In our case we're running
4 x c3.8xlarge instances with 10TB of SSD-backed provisioned-iops volumes attached to each host (8000 IOPS per host). We index upwards of ~20k events per second peak during the day, and our indexed documents range quite a bit in field types, counts, etc. We have 331 indexed fields in our current day of events, for example.
(We store 30 days of data, at ~300GB/day for a total of ~9-12TB of used storage and ~9 billion documents)
Our hosts have 60+GB of memory, and we allocate 29.5GB of that to the HEAP on-startup, leaving ~30GB for lucene indexing and other local processes.
/usr/lib/jvm/java-7-oracle/bin/java -Xms29696m -Xmx29696m -Djava.awt.headless=true -XX:+UseParNewGC -XX:+UseConcMarkSweepGC -XX:CMSInitiatingOccupancyFraction=75 -XX:+UseCMSInitiatingOccupancyOnly -XX:+HeapDumpOnOutOfMemoryError -XX:+DisableExplicitGC
Our elasticsearch.yml file:
In our case, we've had the cluster crash now at least 5 times. Each time it crashes we've observed that one or more of our nodes go into a JVM garbage collection loop. When that happens, the cluster management code loses connectivity to the various nodes, new document indexing starts to fail, and we effectively fall over.
We've finally narrowed this down we think to the
indices.fielddata.cache.size setting. We had originally it at
75%. We tried dropping it down to
50% and still had a failure yesterday. We're now running at
25% as you can see in the config above and we're hoping everything works.
Our theory at this point is that we have no problem indexing documents, but because our cluster is running combined
when the JVM GC gets involved all hell breaks loose. We think that users pull up a dashboard in Kibana (we make heavy use of structured logs), the search indexes a ton of field data (which is allowed by the large
indices.fielddata.cache.size setting), and we ultimately force the instance into a garbage collection loop.
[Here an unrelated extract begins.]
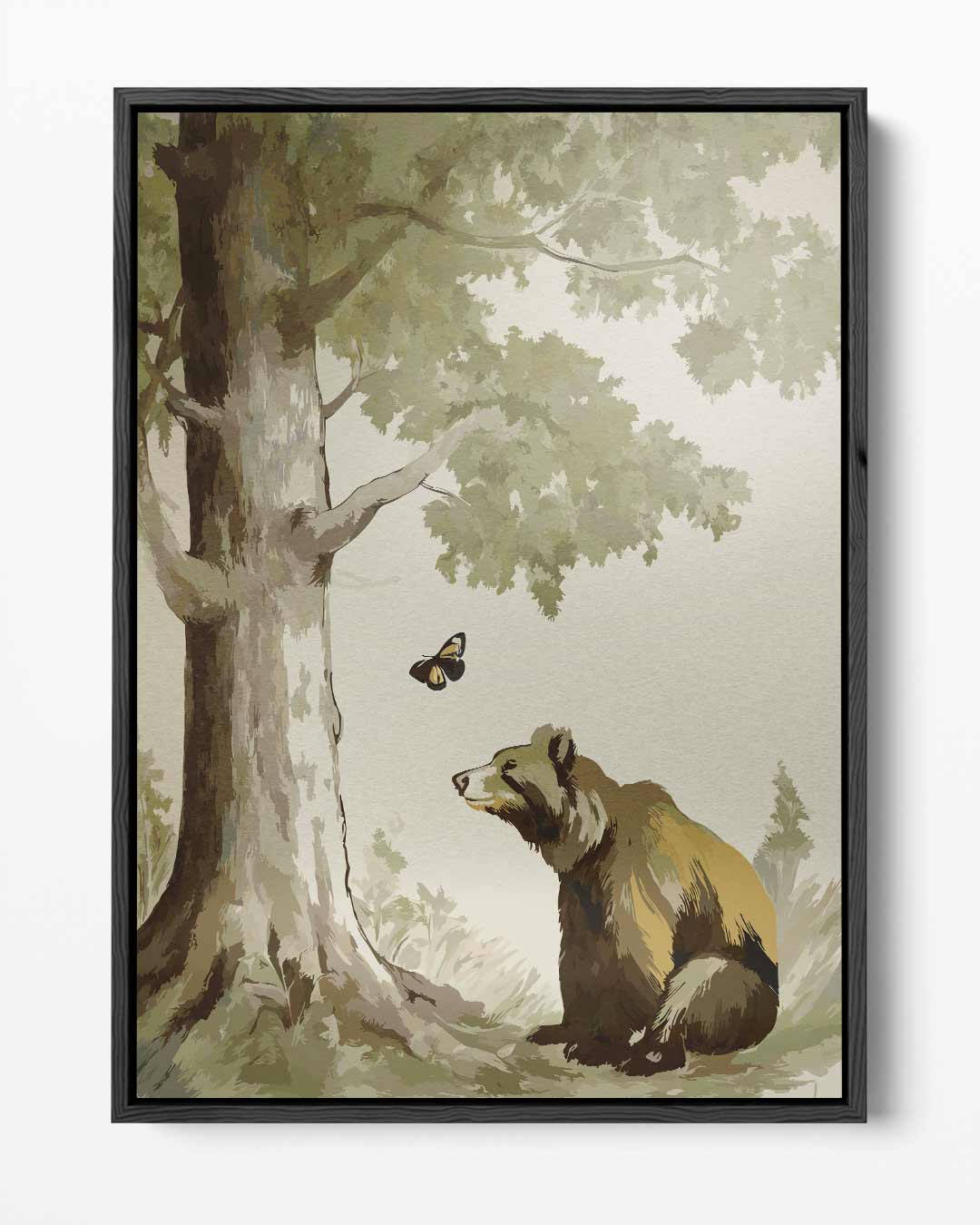 Dromerige Beer in het Bos Kunstwerk-canvas-dibond-plexiglas-wanddecoratie-WallArtistic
The questions we havn't answered yet are..
What else is using mass amounts of memory out of the HEAP? If we have 29GB available and we allocate 14.5GB to
field data, what is using the other 14.5GB?
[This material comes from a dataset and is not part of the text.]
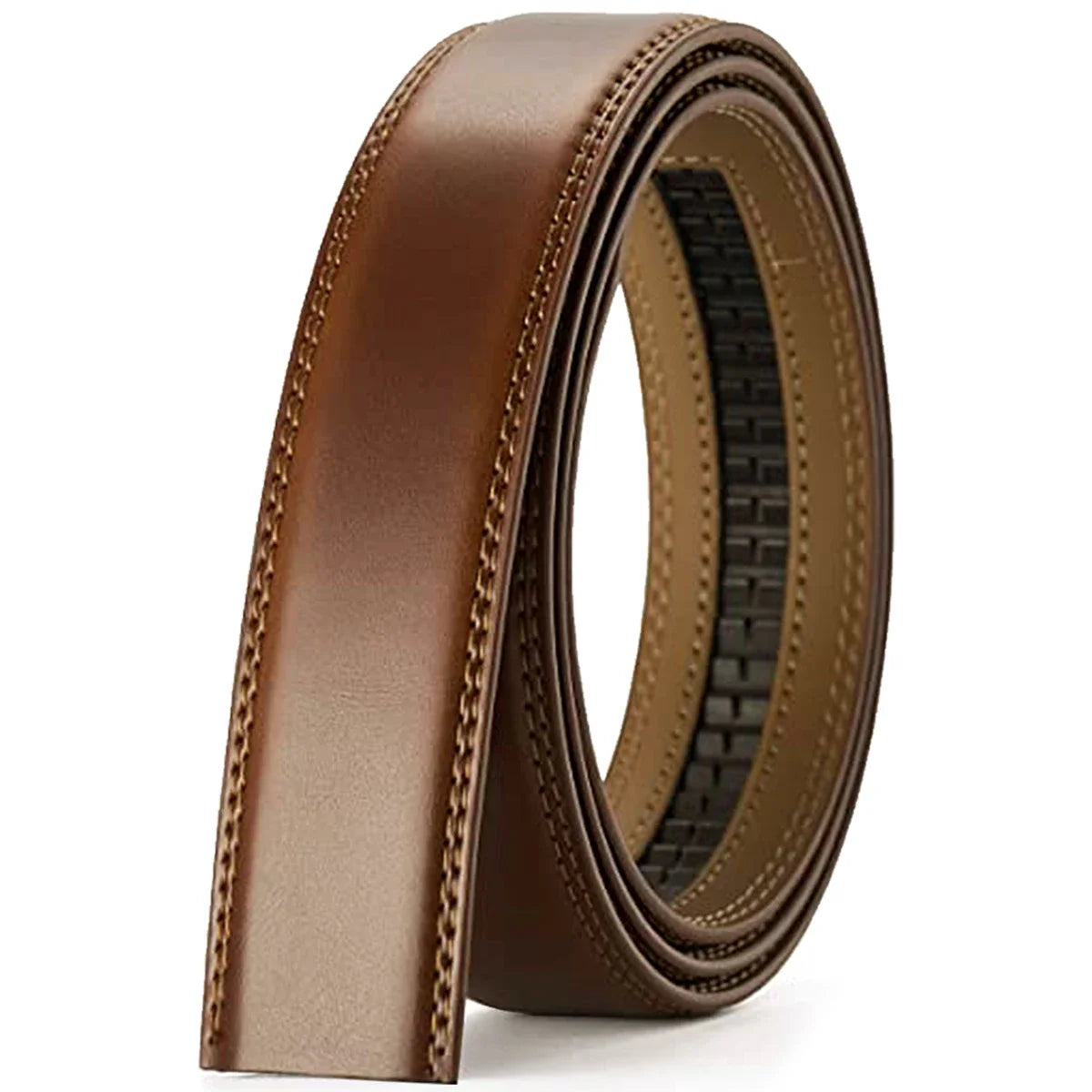 Men's Genuine Leather Belt - Automatic Ratchet Buckle Dress Belt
We've seen full cluster failures (effectively access to the cluster API hangs, indexing freezes, etc) even when only a single node in the cluster begins the GC loop. Why? If we move to dedicated
master nodes (planned for next week) and a
data node starts into its GC loop, will the cluster continue to operate properly?
Why is the
indices.fielddata.cache.expires setting experimental and marked for deprecation? It seems wildly helpful to clear out this cache of expired documents and data whenever appropriate? Am I missing something here?